What do you think of the changes imposed by MLB at the start of the year on bat manufactures? Is it a step in the right direction or not really a significant help?
The changes imposed by MLB at the start of the year were in the best interest of baseball. It was a valid attempt to decrease the amount of bats that break. However, it does not promote the word "safety" at any point in the mandate. For example, in a 10 week period during the 2008 season there were over 2,000 bats broken with over 700 broken into more than one piece. I have read recent reports stating that bat breakage is down 30% from last year. However, according to the numbers published there are still over 1,400 bats breaking with over 600 of them still flying onto the field and up into the stands.
Our thoughts are that bat manufacturers should be able to make a safer bat that will be less costly to everyone involved. Recent trips to bat manufacturers lead us to believe that the amount of waste involved with the mandate is what upsets the people who have been in this business for as many as 125 years. There is a safer more effective way to make a bat, while staying green in the process.
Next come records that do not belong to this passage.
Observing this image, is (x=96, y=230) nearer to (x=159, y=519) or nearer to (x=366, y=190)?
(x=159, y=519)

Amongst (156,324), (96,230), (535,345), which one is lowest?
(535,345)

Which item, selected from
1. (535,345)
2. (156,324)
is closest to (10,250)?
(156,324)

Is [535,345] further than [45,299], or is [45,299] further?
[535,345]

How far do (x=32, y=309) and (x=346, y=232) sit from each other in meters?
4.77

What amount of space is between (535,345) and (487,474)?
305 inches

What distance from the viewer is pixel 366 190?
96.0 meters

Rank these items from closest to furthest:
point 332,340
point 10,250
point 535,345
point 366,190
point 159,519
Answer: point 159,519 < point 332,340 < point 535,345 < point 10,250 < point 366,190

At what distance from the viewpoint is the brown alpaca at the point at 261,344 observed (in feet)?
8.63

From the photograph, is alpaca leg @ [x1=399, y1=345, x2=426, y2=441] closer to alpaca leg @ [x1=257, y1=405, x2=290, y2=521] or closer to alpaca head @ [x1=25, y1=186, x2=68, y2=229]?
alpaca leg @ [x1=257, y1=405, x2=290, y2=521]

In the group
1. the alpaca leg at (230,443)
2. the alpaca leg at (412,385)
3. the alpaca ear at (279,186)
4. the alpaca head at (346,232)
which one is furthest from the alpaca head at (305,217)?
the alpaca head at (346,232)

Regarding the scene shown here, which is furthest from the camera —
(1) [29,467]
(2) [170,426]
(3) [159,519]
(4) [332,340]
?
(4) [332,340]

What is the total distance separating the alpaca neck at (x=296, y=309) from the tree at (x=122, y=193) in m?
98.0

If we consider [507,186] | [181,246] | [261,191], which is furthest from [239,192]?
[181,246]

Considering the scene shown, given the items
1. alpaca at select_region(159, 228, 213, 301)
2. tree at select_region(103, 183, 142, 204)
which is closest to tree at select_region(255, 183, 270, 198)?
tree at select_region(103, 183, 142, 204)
How did you go about approaching the Diamondbacks, and what was their reaction?
We made contact with Roland Hemond during the same meetings we met Roy Krasik last fall. We contacted Roland and he introduced us to Peter Woodfork. Peter has been very helpful with getting us into the Lower Level ranks of the Diamondbacks farm system. We then met Derrick Hall. The reaction was as positive as it could possibly be. Why wouldn't we want to keep our players and more important the fans as safe as we possibly can. "If it is a solution to keeping everyone safe, why wouldn't we use it?" Derrick Hall said something pretty close to that in the Fox Sports Arizona interview. Mark Grace has been awesome in every aspect of the Bat Glove. Once he was aware of what we were doing, he has become an ambassador for us. Almost every time we see a bat break, he talks about how there is a solution out there that can help.
The Bat Glove has been in use in the lower-reaches of the Diamondbacks farm system for the second-half of the year. What feedback have you received?
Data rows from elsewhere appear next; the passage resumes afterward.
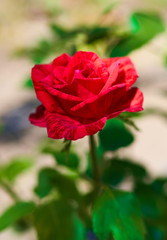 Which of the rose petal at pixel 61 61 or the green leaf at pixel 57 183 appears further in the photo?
the green leaf at pixel 57 183

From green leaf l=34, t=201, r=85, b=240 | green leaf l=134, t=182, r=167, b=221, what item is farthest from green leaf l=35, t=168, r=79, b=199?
green leaf l=134, t=182, r=167, b=221

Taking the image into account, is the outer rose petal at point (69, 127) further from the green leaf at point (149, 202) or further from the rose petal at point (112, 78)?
the green leaf at point (149, 202)

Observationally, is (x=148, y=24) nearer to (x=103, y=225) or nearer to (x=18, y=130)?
(x=103, y=225)

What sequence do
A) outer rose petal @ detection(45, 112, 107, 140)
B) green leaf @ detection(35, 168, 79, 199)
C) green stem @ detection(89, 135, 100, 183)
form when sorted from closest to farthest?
outer rose petal @ detection(45, 112, 107, 140) → green stem @ detection(89, 135, 100, 183) → green leaf @ detection(35, 168, 79, 199)

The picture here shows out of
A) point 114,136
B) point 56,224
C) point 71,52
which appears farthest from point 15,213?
point 71,52

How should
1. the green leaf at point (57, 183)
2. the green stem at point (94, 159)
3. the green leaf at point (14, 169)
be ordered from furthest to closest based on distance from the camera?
the green leaf at point (14, 169) → the green leaf at point (57, 183) → the green stem at point (94, 159)

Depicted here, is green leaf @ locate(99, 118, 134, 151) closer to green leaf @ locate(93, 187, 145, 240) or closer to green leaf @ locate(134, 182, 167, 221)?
green leaf @ locate(93, 187, 145, 240)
Missoula Osprey feedback has been mainly positive. A couple of guys seemed to think it was a problem - though they were hitting about 200, so go figure! Most of the comments have been that it is a non-factor. It does not change anything.
What's the next step from here?
We were told by David Kretschmann from the U.S. Forest Service Laboratory that he was going to send us another protocol for maple bats, and a series of tests that would better help him to determine the Bat Glove's ability to contain fractures. He said that he would recommend the Bat Glove, if the testing came back satisfactory. However, he could not guarantee that the product would be adopted by MLB. By the way, Dave and MLB have informed me that because of the economic downturn, it would be my responsibility to pay for the additional testing that needs to be done on this product.
Any final thoughts?
The process is unique, which it what makes it patent worthy. This product does not break any rules currently associated with the game today. We developed this product around rule 1.10(c). Why are we having to be approved by committees and tested by labs when all we are doing is putting a certain type of tape on a bat a certain kind of way? It seems to be a simple fix to a really big problem.